> _INFORMATION SHOWN_:
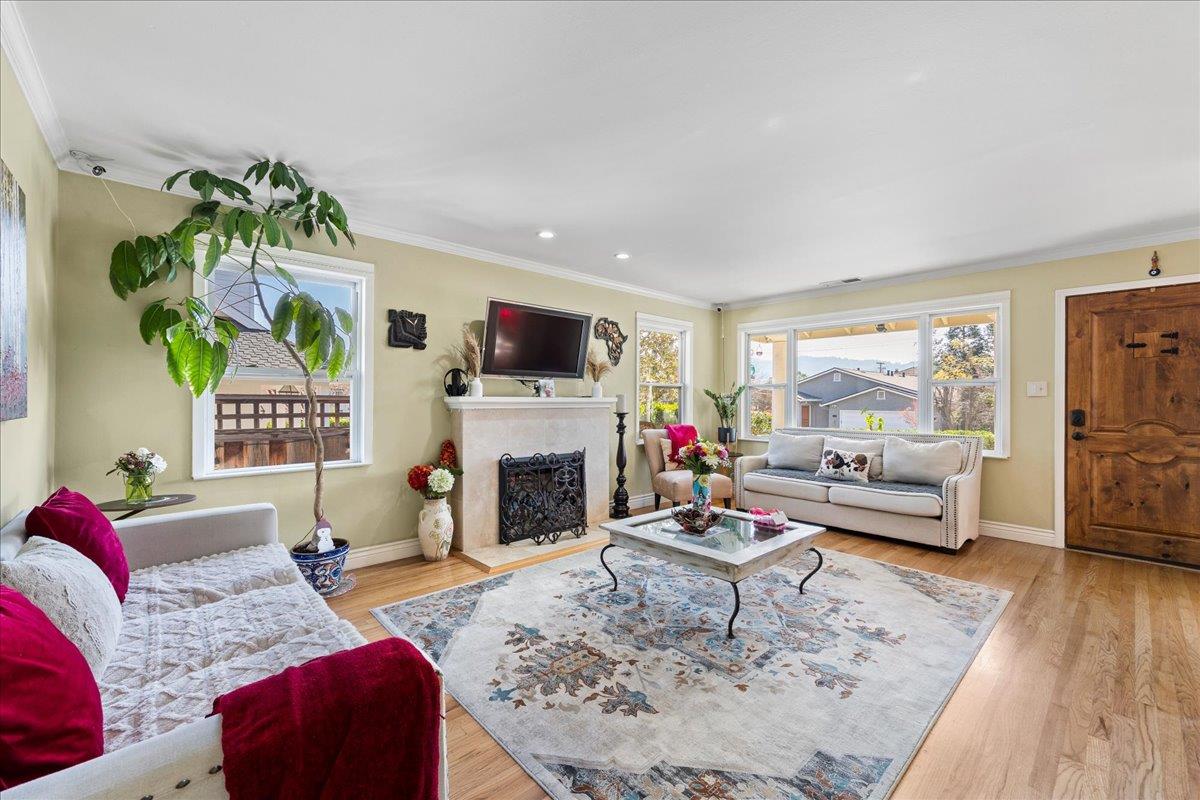 226 San Mateo AVE - Interior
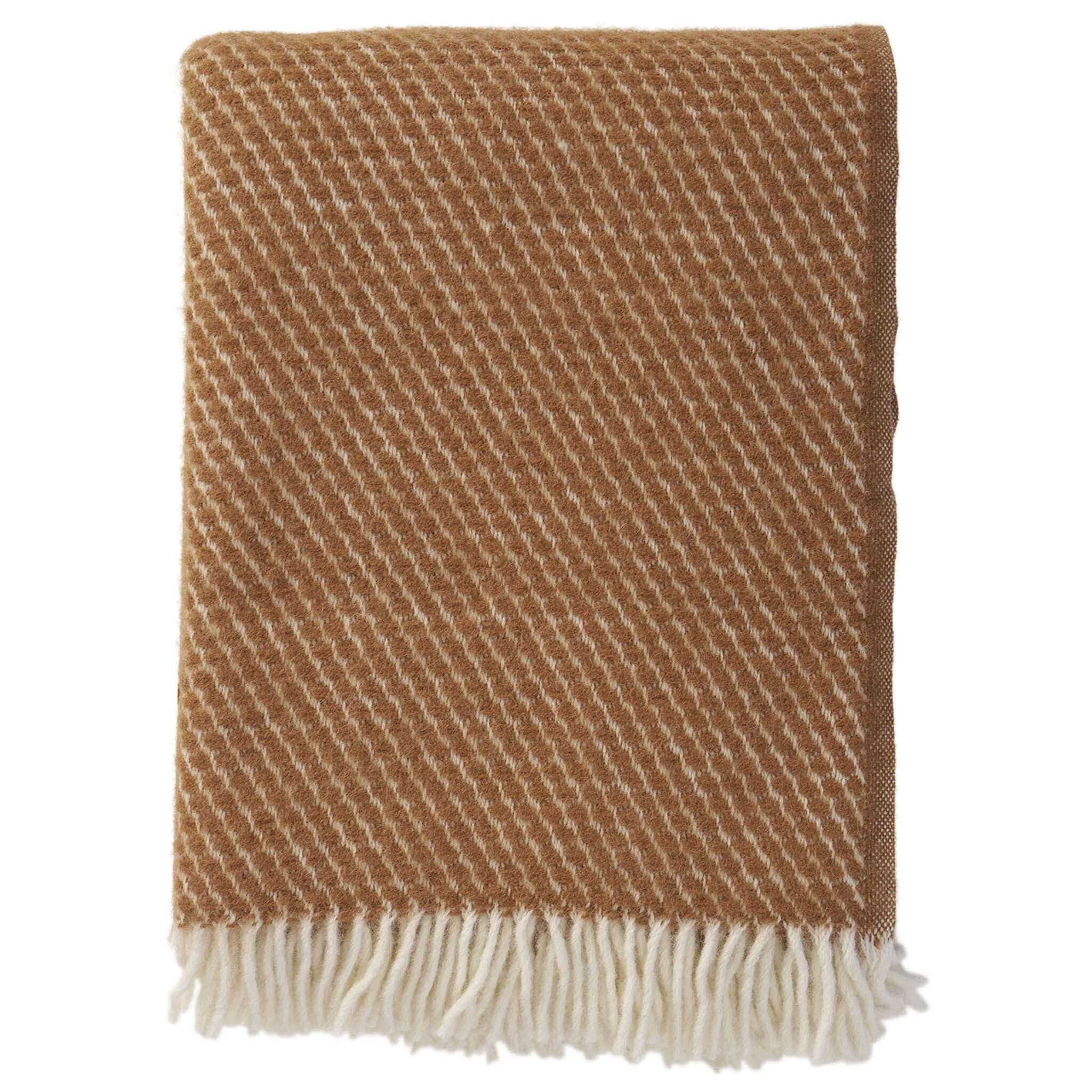 Klippan Yllefabrik Velvet Lambswool Throw - Mocha Mousse, soft lambswool throw with cream fringe trim.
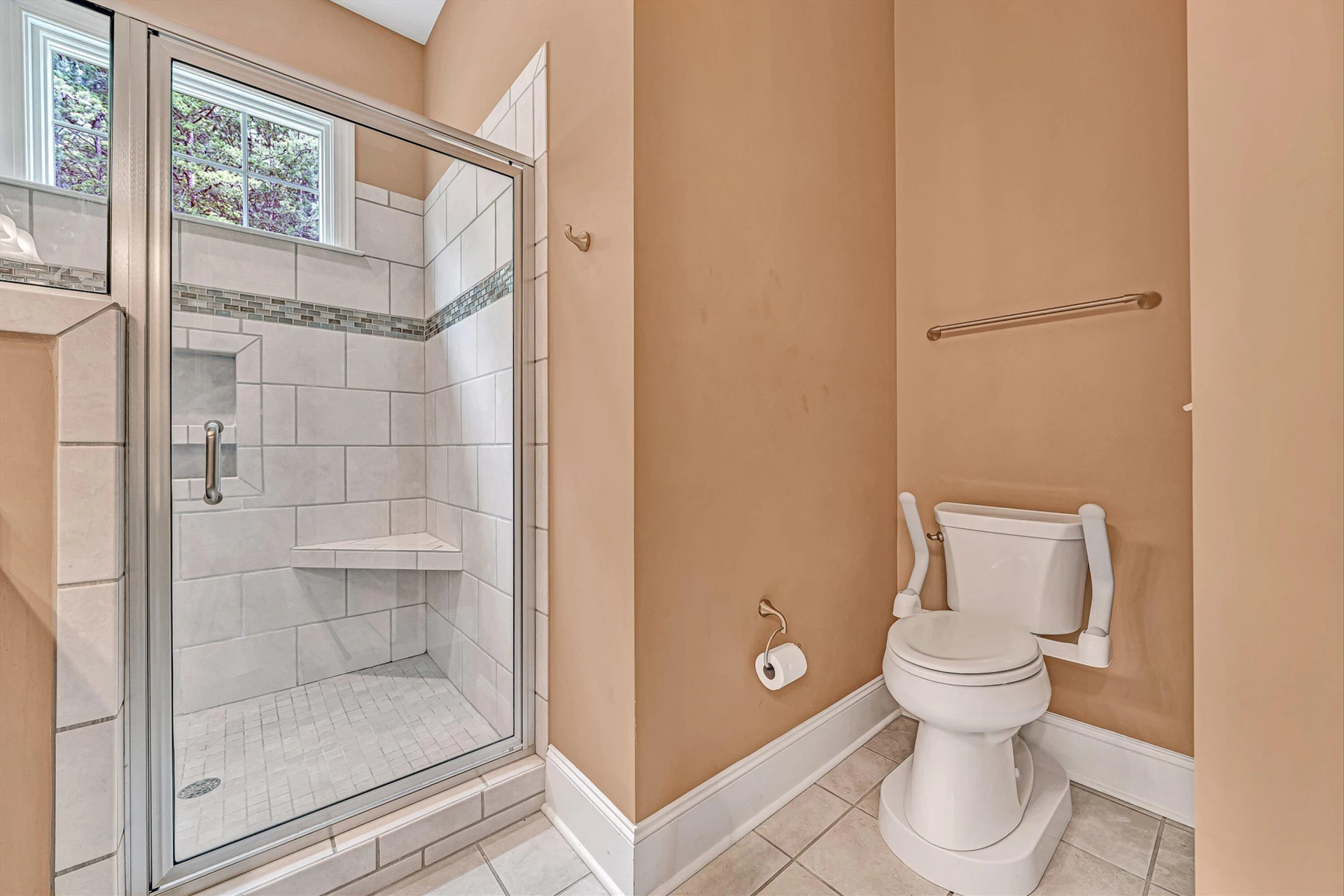 4730 Leigh LN - Photo 20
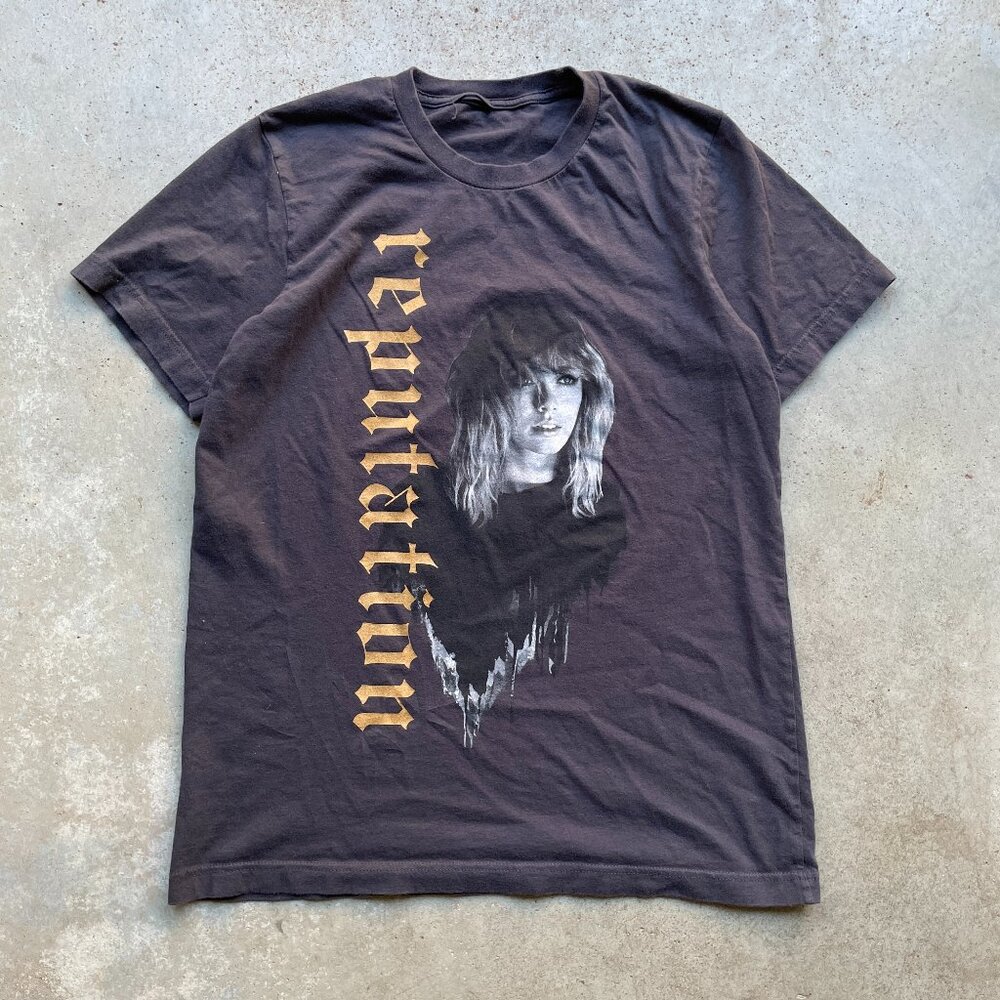 Vintage Taylor Swift Reputation Stadium Tour T-Shirt Size Medium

> _EXERCISE BRIEF_: Write down the full listing above exactly as it is, except for any images.

> _ANSWER TO THIS EXERCISE_:
 226 San Mateo AVE - Interior
 Klippan Yllefabrik Velvet Lambswool Throw - Mocha Mousse, soft lambswool throw with cream fringe trim.
 4730 Leigh LN - Photo 20
 Vintage Taylor Swift Reputation Stadium Tour T-Shirt Size Medium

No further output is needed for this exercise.